NIJINアカデミー校長からのメッセージ
ADHDと不登校の関係について、NIJINアカデミー校長が語った動画もあわせてご紹介します。
保護者へ ― 「行かせることにこだわらない」選択
こどもが学校に行けなくなると、保護者は「このままで大丈夫だろうか」「将来に影響しないだろうか」という思いから離れられなくなります。教室長自身も、浪岡校の開校を決めたタイミングで、自分の娘(当時小学1年生)が不登校になったといいます。

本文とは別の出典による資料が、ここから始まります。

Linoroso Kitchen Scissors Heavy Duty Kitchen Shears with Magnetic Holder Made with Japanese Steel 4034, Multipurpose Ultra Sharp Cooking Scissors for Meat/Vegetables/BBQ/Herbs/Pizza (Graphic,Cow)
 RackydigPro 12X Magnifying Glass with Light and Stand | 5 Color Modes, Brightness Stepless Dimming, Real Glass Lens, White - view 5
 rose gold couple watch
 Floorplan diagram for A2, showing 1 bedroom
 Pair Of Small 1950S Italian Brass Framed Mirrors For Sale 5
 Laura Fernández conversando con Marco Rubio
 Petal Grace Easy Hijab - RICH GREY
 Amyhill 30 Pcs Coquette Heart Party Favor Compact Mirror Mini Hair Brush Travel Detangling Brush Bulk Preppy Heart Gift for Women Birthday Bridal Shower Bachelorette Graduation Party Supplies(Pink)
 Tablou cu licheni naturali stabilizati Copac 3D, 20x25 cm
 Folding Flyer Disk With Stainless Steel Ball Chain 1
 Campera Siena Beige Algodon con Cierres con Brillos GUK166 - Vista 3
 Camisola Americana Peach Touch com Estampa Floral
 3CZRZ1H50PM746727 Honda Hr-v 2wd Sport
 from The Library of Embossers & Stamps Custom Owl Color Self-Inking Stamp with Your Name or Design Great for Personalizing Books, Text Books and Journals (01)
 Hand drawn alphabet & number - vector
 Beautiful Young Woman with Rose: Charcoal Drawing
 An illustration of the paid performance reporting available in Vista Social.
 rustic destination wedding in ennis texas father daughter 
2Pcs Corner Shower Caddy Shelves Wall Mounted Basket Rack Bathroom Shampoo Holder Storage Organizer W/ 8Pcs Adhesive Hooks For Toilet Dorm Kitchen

「私が居場所をつくろうとしているのに、わが子が学校に行けないなんて」と戸惑った瞬間もあったそうですが、娘さんはこう言ったそうです。
保護者が安心すれば、こどもも安心します。こどもが安心できれば、学びに「その気」になります。不登校は「問題」ではなく、新しい学びの形に出会うチャンスでもある――そう捉え直すことが、こどもにとっても保護者にとっても、次の一歩につながっていきます。
まとめ
- ADHDの不登校の背景には「自己コントロールの苦手さ」があり、本人の倫理観の問題ではない
- 「多動・衝動性」「不注意」それぞれの困りごとが、学校生活でのつまずきにつながる
- 厳しく叱ることは「うそ」を生み、親子のコミュニケーションを閉ざしてしまう悪循環になりやすい
- 問題を本人の人格から切り離す「外在化」の視点と、無理のない目標設定が支援の出発点
- 安心できる居場所があると、こどもは自分のペースで学びに「その気」になっていく
不登校を「問題」として抱え込むのではなく、こどもに合った居場所や関わり方を探していくこと。それが、こどもと保護者、双方の安心につながっていきます。